INFORMATION SHOWN
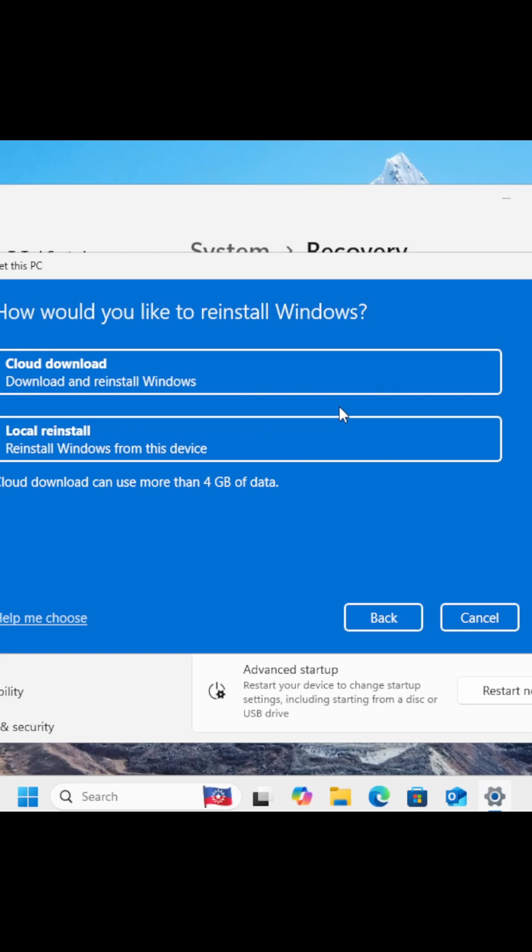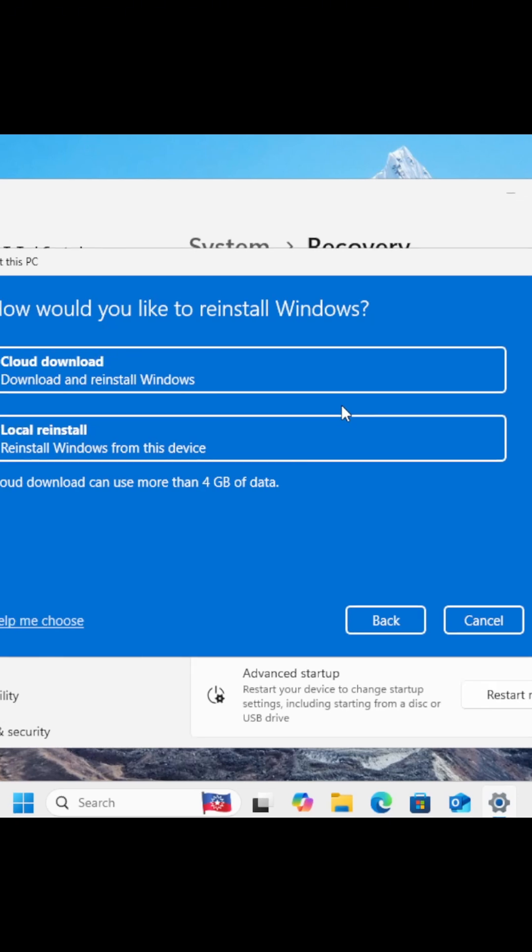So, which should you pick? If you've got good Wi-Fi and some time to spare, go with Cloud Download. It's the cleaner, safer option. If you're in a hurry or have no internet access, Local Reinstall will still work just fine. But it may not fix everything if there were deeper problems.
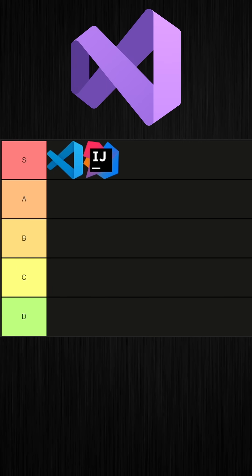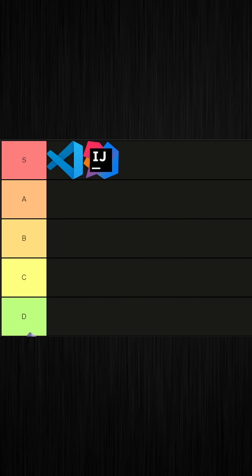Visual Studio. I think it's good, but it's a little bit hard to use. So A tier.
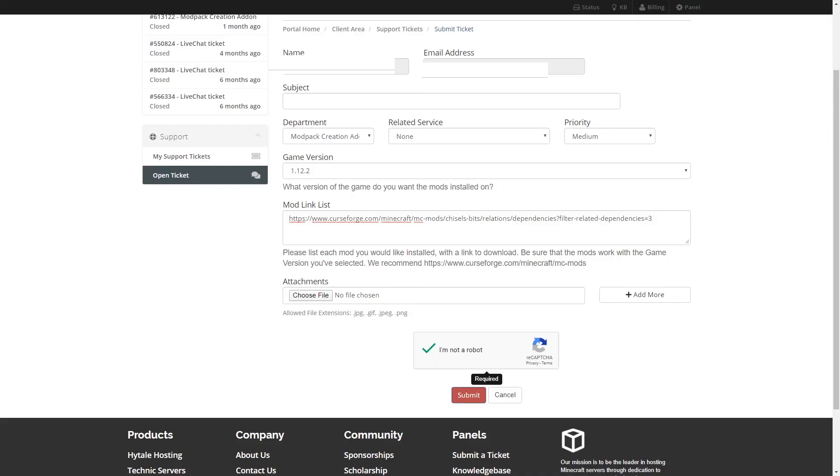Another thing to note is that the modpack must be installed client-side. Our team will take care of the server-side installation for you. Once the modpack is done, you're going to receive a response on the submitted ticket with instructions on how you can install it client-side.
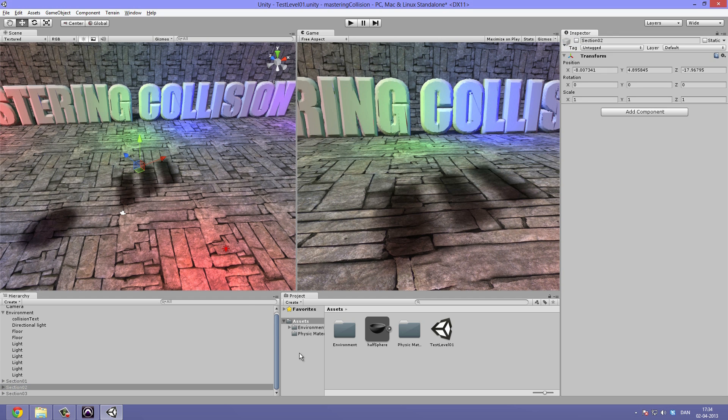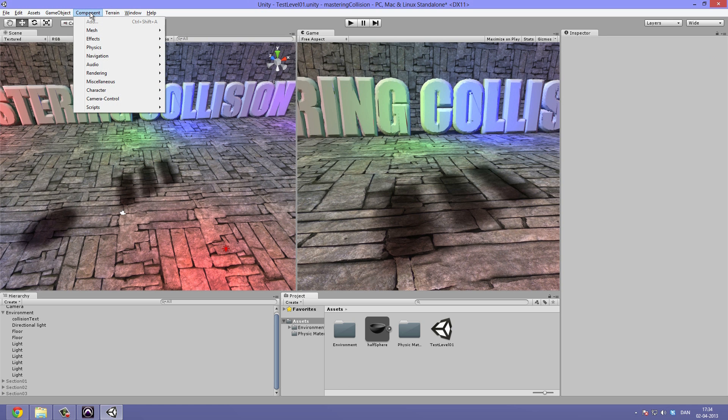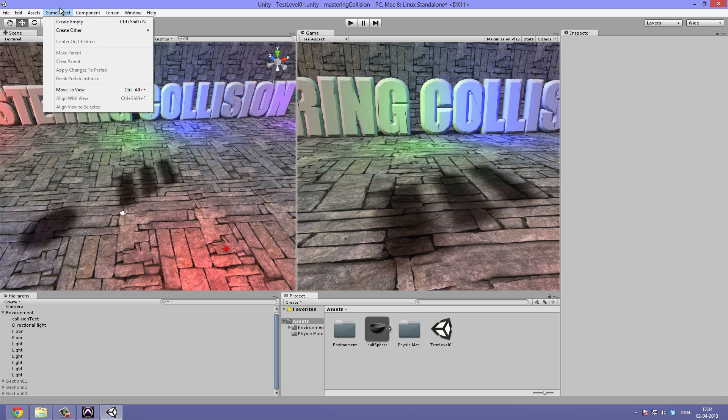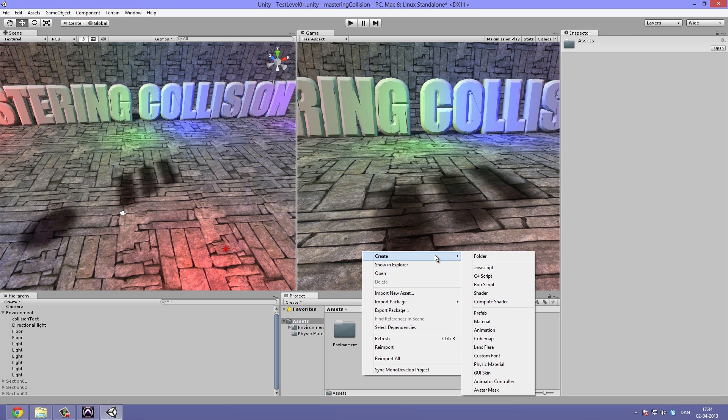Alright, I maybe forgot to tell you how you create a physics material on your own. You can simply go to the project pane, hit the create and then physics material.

ACTIVITY
Omit the pictures and write out the remaining data exactly.

ANSWER SPACE
So, which should you pick? If you've got good Wi-Fi and some time to spare, go with Cloud Download. It's the cleaner, safer option. If you're in a hurry or have no internet access, Local Reinstall will still work just fine. But it may not fix everything if there were deeper problems.
Visual Studio. I think it's good, but it's a little bit hard to use. So A tier.
Another thing to note is that the modpack must be installed client-side. Our team will take care of the server-side installation for you. Once the modpack is done, you're going to receive a response on the submitted ticket with instructions on how you can install it client-side.
Alright, I maybe forgot to tell you how you create a physics material on your own. You can simply go to the project pane, hit the create and then physics material.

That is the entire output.